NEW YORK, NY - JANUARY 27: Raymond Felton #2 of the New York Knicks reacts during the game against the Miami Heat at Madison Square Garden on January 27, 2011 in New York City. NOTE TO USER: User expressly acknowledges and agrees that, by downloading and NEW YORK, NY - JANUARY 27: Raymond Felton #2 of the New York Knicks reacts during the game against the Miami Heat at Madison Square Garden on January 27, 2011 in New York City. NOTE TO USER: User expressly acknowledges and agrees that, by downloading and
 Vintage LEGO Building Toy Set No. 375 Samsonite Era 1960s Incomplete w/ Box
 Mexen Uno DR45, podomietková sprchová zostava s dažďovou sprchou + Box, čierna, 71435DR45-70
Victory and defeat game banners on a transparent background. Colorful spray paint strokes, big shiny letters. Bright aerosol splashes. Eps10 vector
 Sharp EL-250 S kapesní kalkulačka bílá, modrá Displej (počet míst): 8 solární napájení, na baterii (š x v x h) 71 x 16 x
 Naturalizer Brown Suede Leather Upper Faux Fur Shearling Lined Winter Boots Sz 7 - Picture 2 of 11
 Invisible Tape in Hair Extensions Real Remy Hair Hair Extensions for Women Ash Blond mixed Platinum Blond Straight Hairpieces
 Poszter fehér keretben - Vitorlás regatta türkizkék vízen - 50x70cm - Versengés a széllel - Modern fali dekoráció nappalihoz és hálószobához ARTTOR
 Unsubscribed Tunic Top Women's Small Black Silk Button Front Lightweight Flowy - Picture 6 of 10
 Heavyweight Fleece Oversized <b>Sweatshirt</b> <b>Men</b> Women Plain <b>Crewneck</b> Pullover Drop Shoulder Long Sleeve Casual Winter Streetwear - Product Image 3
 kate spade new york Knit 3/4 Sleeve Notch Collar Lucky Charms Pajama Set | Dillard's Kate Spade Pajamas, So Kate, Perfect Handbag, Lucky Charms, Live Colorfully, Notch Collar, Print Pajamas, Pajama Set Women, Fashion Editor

::::::::

## Work item
Restate word for word the lines of the data above, starting at the line containing "Victory and defeat" and ending at the line containing "Sharp EL-250 S", both included, and nothing more.

## Final answer
Victory and defeat game banners on a transparent background. Colorful spray paint strokes, big shiny letters. Bright aerosol splashes. Eps10 vector
 Sharp EL-250 S kapesní kalkulačka bílá, modrá Displej (počet míst): 8 solární napájení, na baterii (š x v x h) 71 x 16 x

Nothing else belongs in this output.